Second, it should have a strong mandate from the government that sets its structure and empowers its enforcement arm with full authority to discipline the industry. Any form of private-sector regulation must be empowered to effectively enforce the rules: the ability to levy meaningful fines, place conditions on continued participation in the industry, suspend, and where appropriate, banish those who misbehave from the industry. This "ultimate sanction" is both a powerful deterrent for would-be violators and an important investor protection.
Third, it should have a governance structure based on enlightened self-interest – namely, the need for effective auditing to produce numbers that investors can rely on and markets they can trust. This means a Board with interested parties much the same as the NASD’s: solid public companies that want investors to have confidence in their financial statements; institutional investors; broker/dealers; and the public – with accountants being a small minority.

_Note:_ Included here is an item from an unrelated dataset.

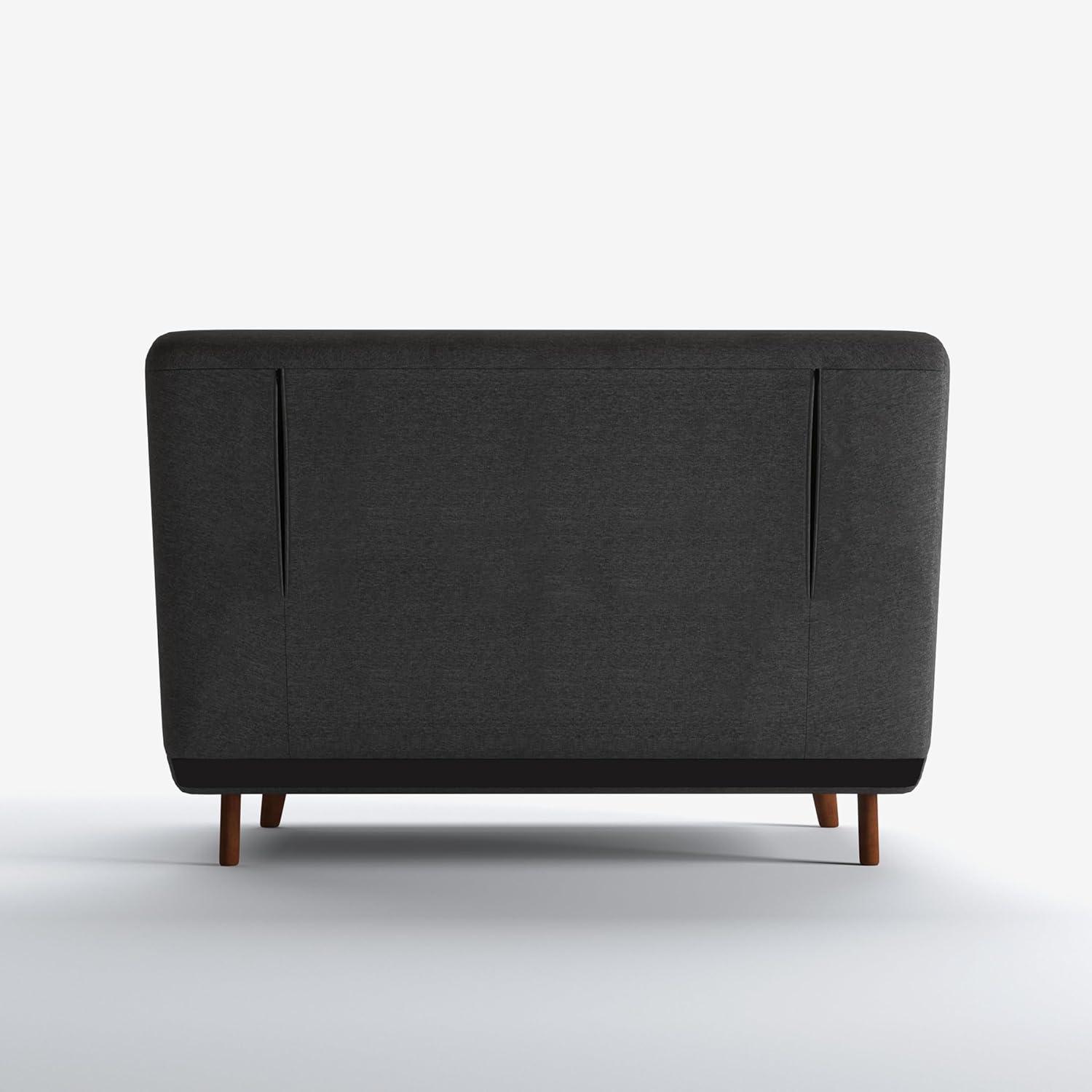 A&D Home Tustin Polyester Convertible Futon Chair, Charcoal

Self-regulation does not mean that industry is left to its own devices. Public participation on an SRO Board is important not only to prevent any conflicts of interest, but also the appearance of such conflicts.
Fourth, it should have assured funding from some of these same self-interested parties, especially those with the biggest stake in the success of the system that have the most to gain from thorough, fair and transparent accounting practices. The best candidates might be issuers (with a small fee on new share registrations, 10K or 10Q filings) and broker/dealers. And since they, of course, also have a major stake in the credibility of their audits, another source of funding could be examination fees charged to the accounting firms themselves.
An effective private regulatory system requires infrastructure, technology and processes to provide quality, timely services. As we all know, monitoring compliance with accounting standards and principles in today’s global economy is a complex and technology-intensive process. The regulator for the accounting profession must be equally up-to-date and technology-intensive.
And finally, it should be subject to strong, appropriate oversight from the SEC to institutionalize accountability. Oversight by government regulators is essential to ensure the integrity of the process. It also provides an appropriate appellate forum for disciplinary actions.
Self-regulation in the securities industry has helped make the U.S. capital markets the most successful and respected in the world. This system was the legislative embodiment of the belief that additional protections were needed to "protect the investor and the honest dealer from dishonest and unfair practices by the submarginal element in the industry." These words are really the roots of the NASD’s central rule: "A member, in the conduct of his business, shall observe high standards of commercial honor and just and equitable principles of trade."
No one is under the illusion that the systemic flaws revealed by Enron can be set right without significant government involvement. Even in the accounting industry, where self-regulation has suffered a bad name, there is a vital role to be played by private sector regulation which fully understands the industry but is not co-opted by it; which commands respect with accountants and credibility with investors; and which allows the SEC to focus its scarce resources where they are most needed to police the honesty of the financial reporting that underpins the success of the U.S. capital markets.